**DIRECTIONS:** In your copy, include no images, and write out every entry below exactly as it stands.

**EXTRACTED RECORDS:**
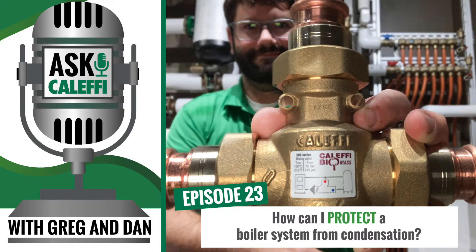We have a couple of options for that: the 280 and the 281. The 280 is a basic thermostatic bypass valve — essentially a mixing valve to prevent condensing. Those are great. Two options on those.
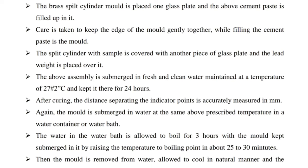Next, the brass split cylinder mold is placed on a glass plate and the cement paste is filled into it. Care is taken to keep the edges of the mold gently together while filling the cement paste in the mold. The split cylinder with sample is covered with another piece of glass plate and a lead weight is placed over it. The assembly is then submerged in fresh clean water maintained at a temperature of 27 ± 2°C and kept there for 24 hours.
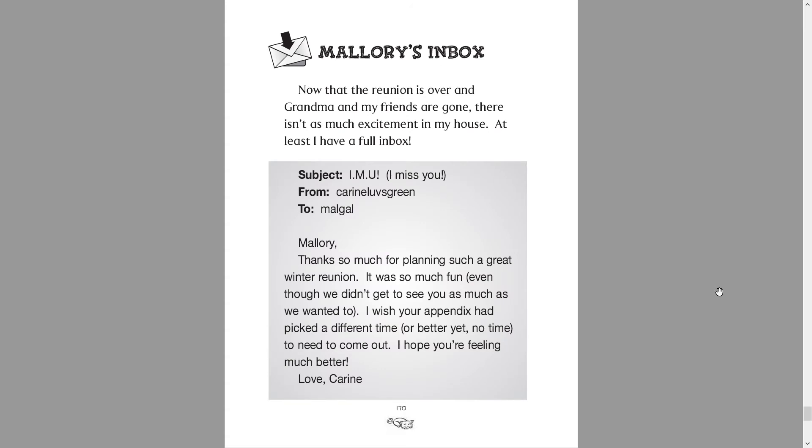Mallory's inbox. Now that the reunion is over and my grandma and my friends are gone, there isn't much excitement at my house. At least I have a full inbox. I miss you. Corinne loves green to Malgal. Mallory, thank you so much for planning such a great winter reunion. It was so much fun, even though we didn't get to see you as much as we wanted to. I wish your appendix had picked a different time, or better yet, no time to need to come out. I hope you're feeling much better. Love, Corinne.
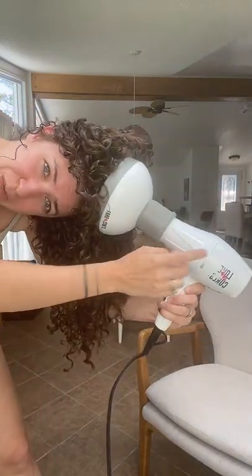Definitely look on a Reddit thread and make sure the diffuser you're looking at buying is actually going to fit the blow dryer you have. I have the LUS brand blow dryer and diffuser — it was gifted to me. I do really like it, but you have to be careful because it does get very hot.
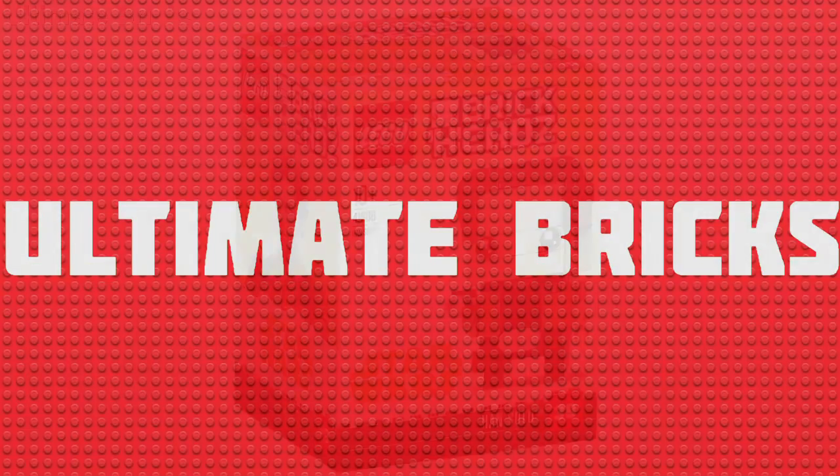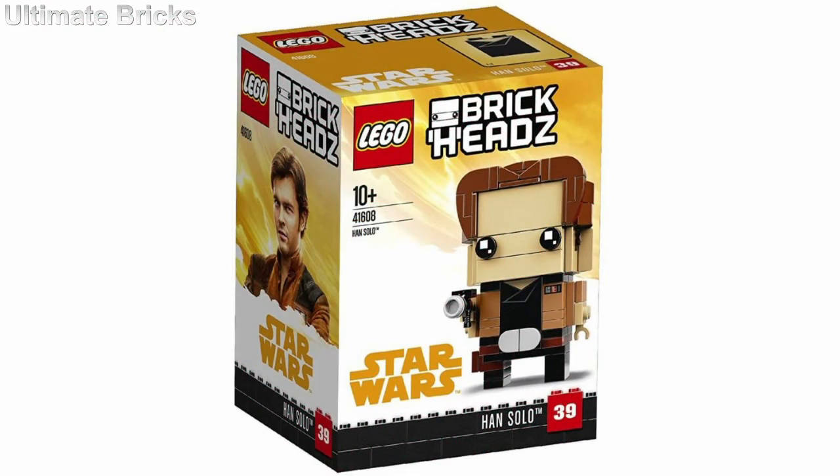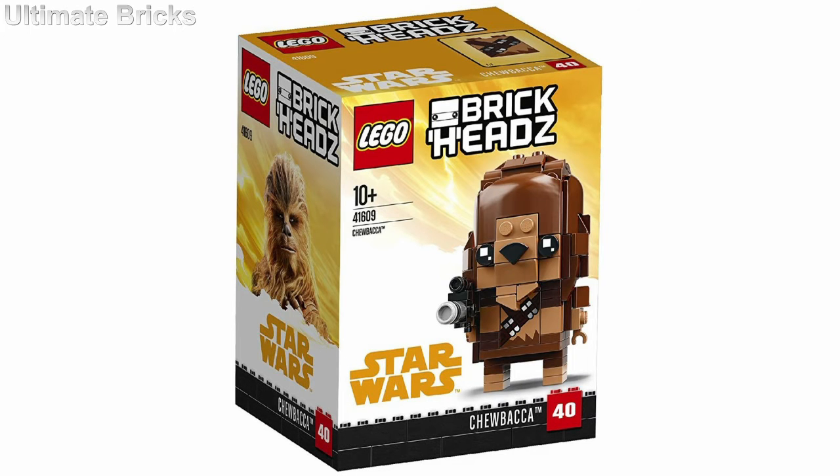Hello everybody, Ultimate Bricks here, and recently two new Han Solo movie brickheads were revealed. I'm pretty sure these are going to be the only Han Solo movie brickheads, so let's get right into it.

**RESULT OF THE EXERCISE:**
We have a couple of options for that: the 280 and the 281. The 280 is a basic thermostatic bypass valve — essentially a mixing valve to prevent condensing. Those are great. Two options on those.
Next, the brass split cylinder mold is placed on a glass plate and the cement paste is filled into it. Care is taken to keep the edges of the mold gently together while filling the cement paste in the mold. The split cylinder with sample is covered with another piece of glass plate and a lead weight is placed over it. The assembly is then submerged in fresh clean water maintained at a temperature of 27 ± 2°C and kept there for 24 hours.
Mallory's inbox. Now that the reunion is over and my grandma and my friends are gone, there isn't much excitement at my house. At least I have a full inbox. I miss you. Corinne loves green to Malgal. Mallory, thank you so much for planning such a great winter reunion. It was so much fun, even though we didn't get to see you as much as we wanted to. I wish your appendix had picked a different time, or better yet, no time to need to come out. I hope you're feeling much better. Love, Corinne.
Definitely look on a Reddit thread and make sure the diffuser you're looking at buying is actually going to fit the blow dryer you have. I have the LUS brand blow dryer and diffuser — it was gifted to me. I do really like it, but you have to be careful because it does get very hot.
Hello everybody, Ultimate Bricks here, and recently two new Han Solo movie brickheads were revealed. I'm pretty sure these are going to be the only Han Solo movie brickheads, so let's get right into it.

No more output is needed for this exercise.